The Door Magazine/Trinity Foundation is at it again. This time they’ve teamed up with a US Senator to “expose” something we already know: televangelists are up to something financially fishy.
I did a piece for the Star about this back in the 1990s, so Ole Anthony and I will be the two people not surprised by the result of this investigation: when we revisit these tv preachers 2 or 5 years from now, all of them will be making as much, if not more, money.
Why? Because exposure equals validation. That’s why movies purporting to stem drug use (Reefer Madness) or “comment” on “violence in society” (Natural Born Killers) actually inspire admiration for the very things they condemn.
Today more than ever, people don’t think their experiences are “real” unless they capture them with their camera phone at the same time. If they see it on a screen, it is “real” and, therefore, “good”, even if they don’t acknowledge this on a conscious level. People just aren’t very smart.
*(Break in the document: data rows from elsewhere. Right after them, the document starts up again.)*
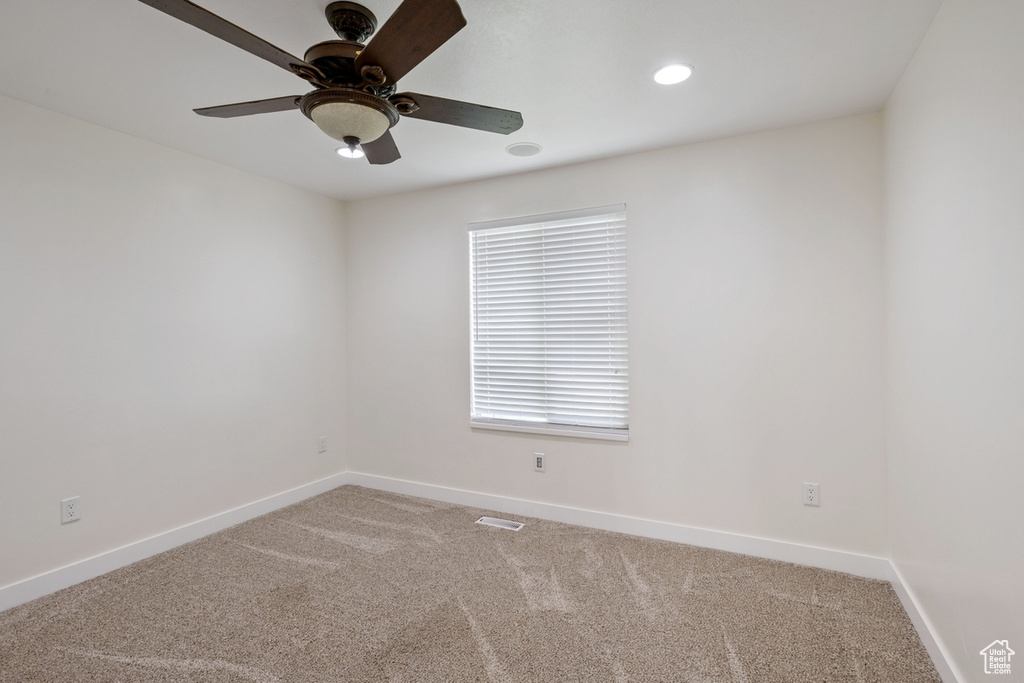 Empty room featuring light carpet, baseboards, a ceiling fan, and recessed lighting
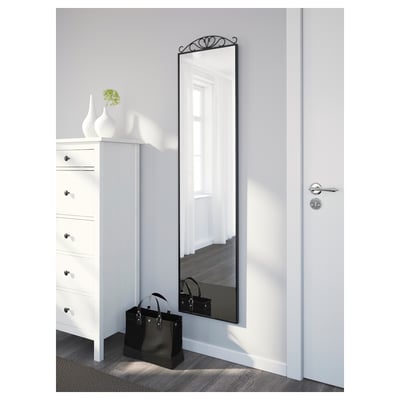Mirror on grey wall beside dresser, handbag on floor, reflects windowed room.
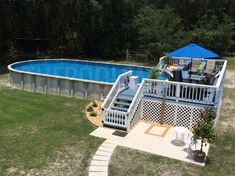 an above ground swimming pool with steps leading up to it and a deck in the middle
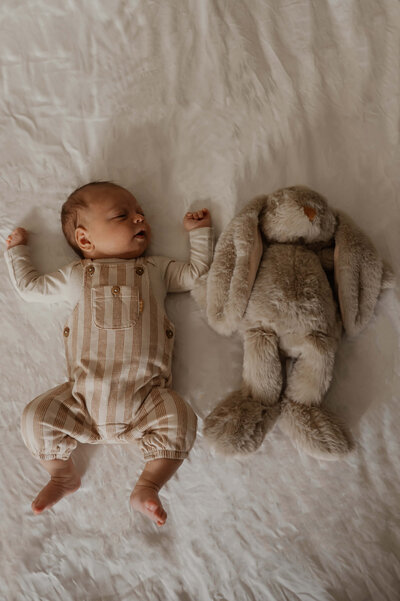 Baby ligt op bed met zijn lieveling knuffel.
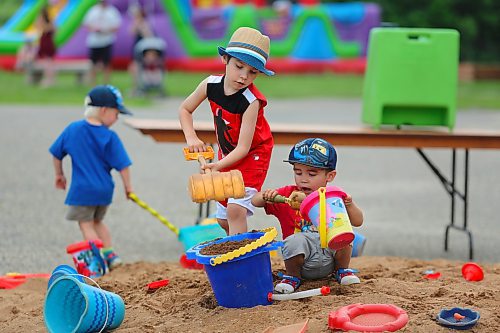 Weston Bailey and Emmett Miller spent part of Canada Day playing at a sandbox that was set up in the Riverbank Discovery Centre parking lot. (Kyle Darbyson/The Brandon Sun)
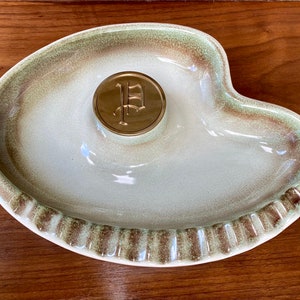 May include: A green and brown ceramic ashtray with a gold metal 'P' in the center.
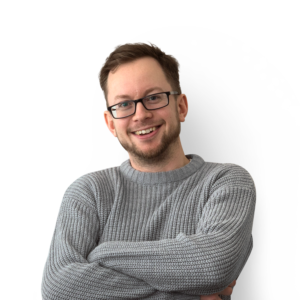 Man with folded arms wearing a grey jumper, short brown hair, beard and glasses.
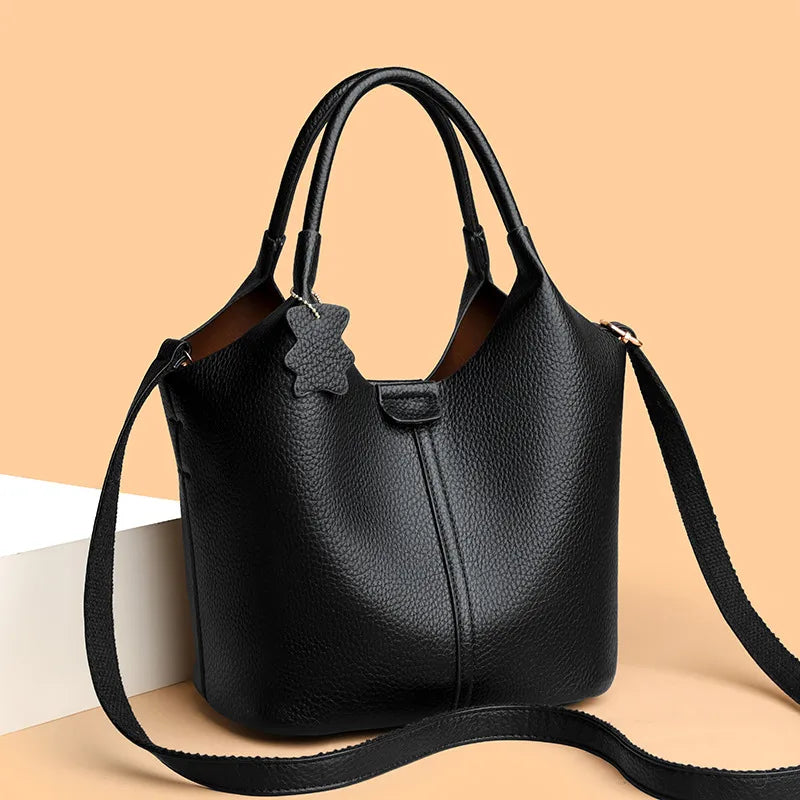 Bucket handbag with shoulder strap and bear charm – Black bag facing forward on peach background | BTendance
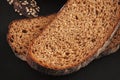 Slices of rye bread on black background Royalty Free Stock Photo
When people watch “exposes” like the ones Trinity did with ABC News about Benny Hinn, some people say: Wow, what a loser. But others think: hey, I’ll have to watch that Benny Hinn Show! And give him money.
Every time Trinity has investigated Benny Hinn, Benny Hinn ends up even richer the next time they re-investigate the guy. And put the investigation on TV. And repeat the process five years later.
That’s why I lost a lot of respect for The Door magazine (which I used to write for). That and how left wing they were. Their well-publicized exposes never accomplished a thing, so why did they keep doing them?
Because they were as hungry for recognition as the preachers they were condemning, just as caught up in a cult of personality. Note too that Ole Anthony is just as wacky as the preachers he mocks at The Door, if not more so. And he is… still in business, too.
Speaking of personality cults, I see the Post profiled Jean Vanier last week. I’m sorry, but he always seemed like a bit of a con to me, too. (And, like Henri Nouwen, a closet case). The Post didn’t profile a family of modest means, obliged to care for a handicapped relative for the rest of his and their lives. No, they canonize a guy from a distinguished family who chose to “give it all up” for a different kind of fame, who could have walked away from L’Arche any time. Having that kind of privilege, that possible “out” makes his voluntary sacrifice much less impressive than the unknown family’s involuntary one. But he’s a charismatic man with a famous last name, so there.